La Camorra -- Hecla has been operating the La Camorra Unit in Venezuela since 1999, made up of the original La Camorra mine and the newly developed Mina Isidora, which is located about 100 kilometers north of the La Camorra mine. All ore from both deposits is processed through the mill at the La Camorra mine, which produced its one-millionth ounce during the first quarter of 2006. In the first quarter of 2006, the La Camorra Unit produced 37,620 ounces of gold, a 72% increase over the first quarter a year ago, due primarily to Mina Isidora production. The average total cash cost per ounce of gold was $357, including approximately $22 per ounce for obsolete supply inventory, compared to $294 per ounce in the same period of 2005. As mining progresses deeper in the older La Camorra deposit where the grade is decreasing, there are fewer mining headings, limiting flexibility and production and resulting in a decrease in tons mined from that deposit. That lower volume, costs associated with mining deeper and unfavorable currency exchange controls have resulted in a mining cost per ton increase at the La Camorra Unit. This cost increase occurred despite completion of a shaft at the La Camorra mine, which was originally intended to alleviate some of the costs of mining at depth. Even so, at the current gold price, cash margins remain healthy. However, there is enough uncertainty in some of the cost factors that the 2006 estimate of average total cash cost of production for gold has been increased to $350-$375 per ounce.

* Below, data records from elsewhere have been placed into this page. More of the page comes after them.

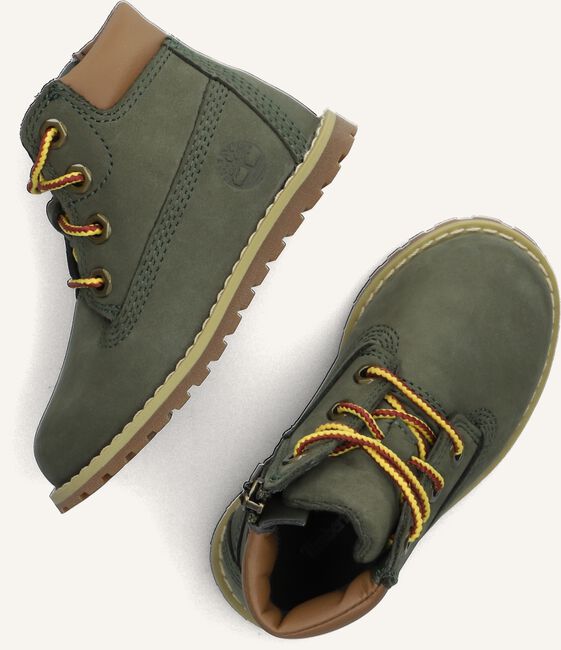 Groene TIMBERLAND  POKEY PINE 6IN BOOT KIDS Groene TIMBERLAND  POKEY PINE 6IN BOOT KIDS - large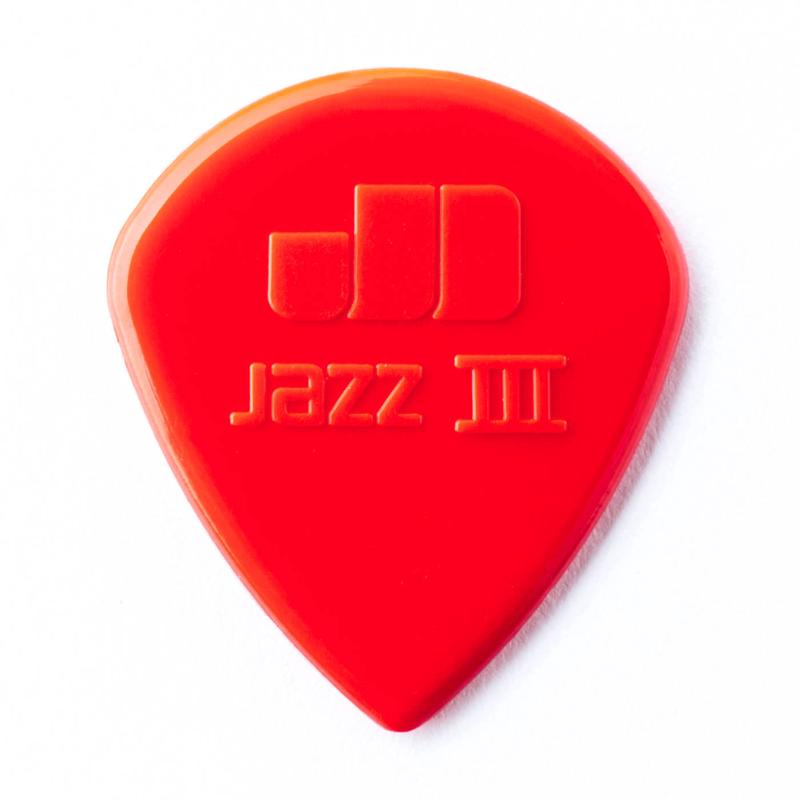 Dunlop Jazz III Red Picks N 1.38mm 47R3N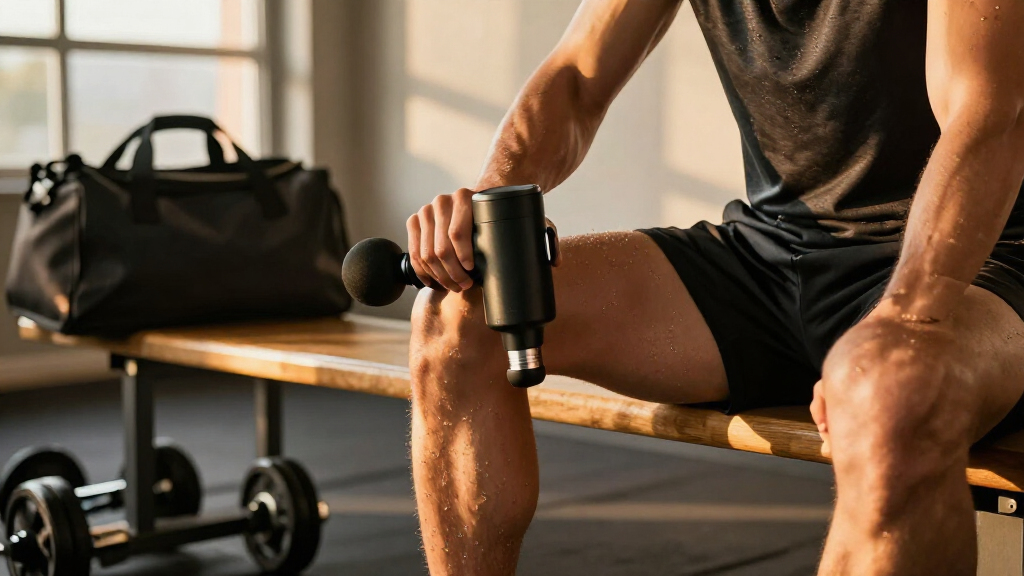 premium percussion massage guns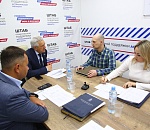 Леонид Огуль открыл в Астраханской области тематическую неделю приемов граждан по вопросам здравоохранения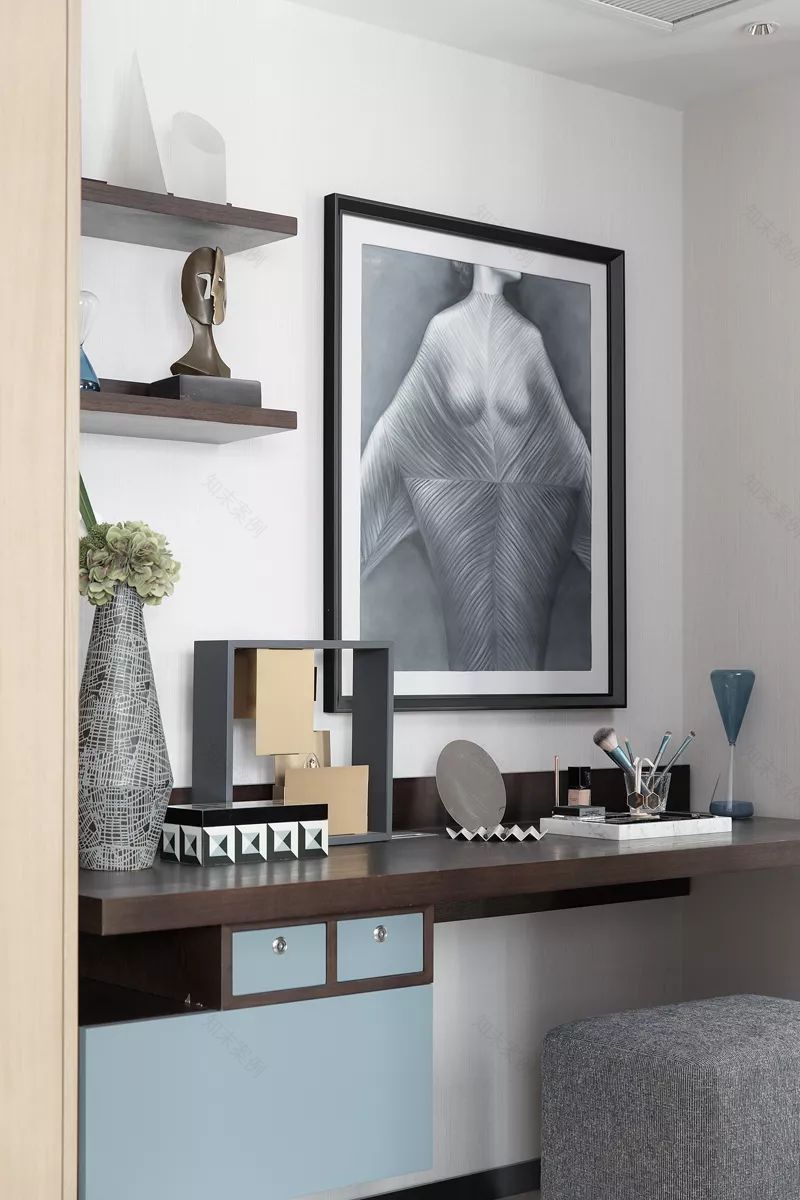 万科星城 B1 户型样板房 | 舒适宜居的诗意空间-20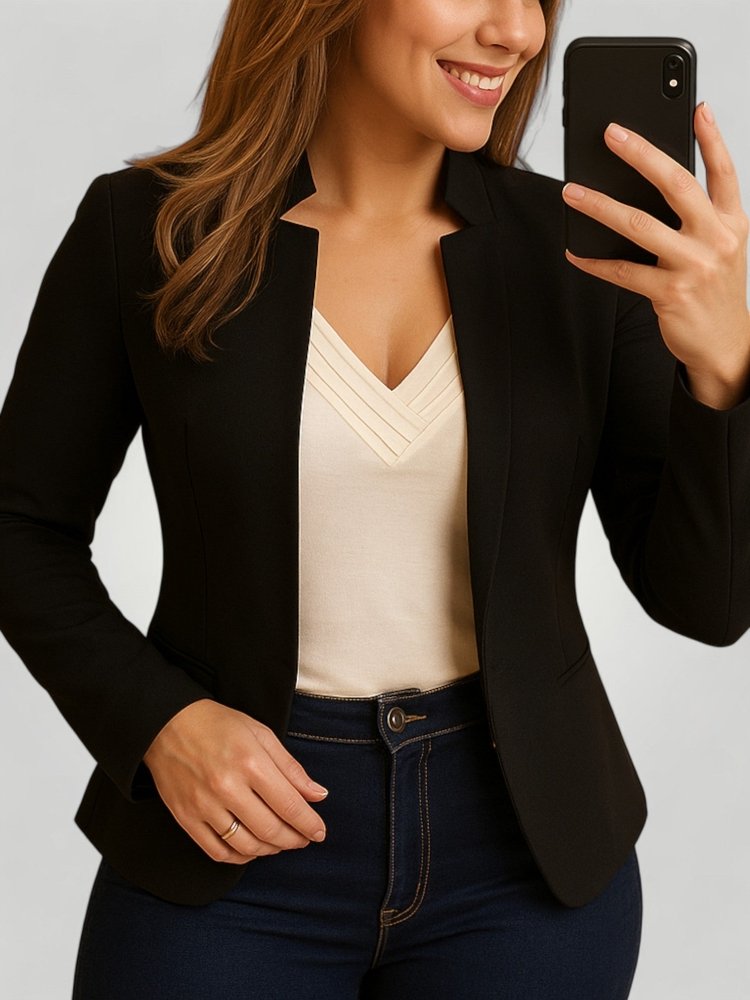 Blazer Léger Élégant pour Femme 1 - Mode Lumière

Late in the first quarter of 2006, Hecla began selling gold to the local market as required by Venezuelan law (which specifies that 15% of gold production be sold within the country). Hecla expects to sell the gold now inventoried over a number of quarters.
Exploration on Hecla's Block B in Venezuela, where Mina Isidora is located, began again in the first quarter, after completing the fourth quarter reserve analysis. Drilling results are not yet available. On the El Dorado concessions where the La Camorra mine is located, the immediate focus has turned from identifying deep resources to targeting shallower targets along strike of the deposit. There is good evidence of additional mineralization on the concessions that could be drilled from the surface once exploration permits are obtained.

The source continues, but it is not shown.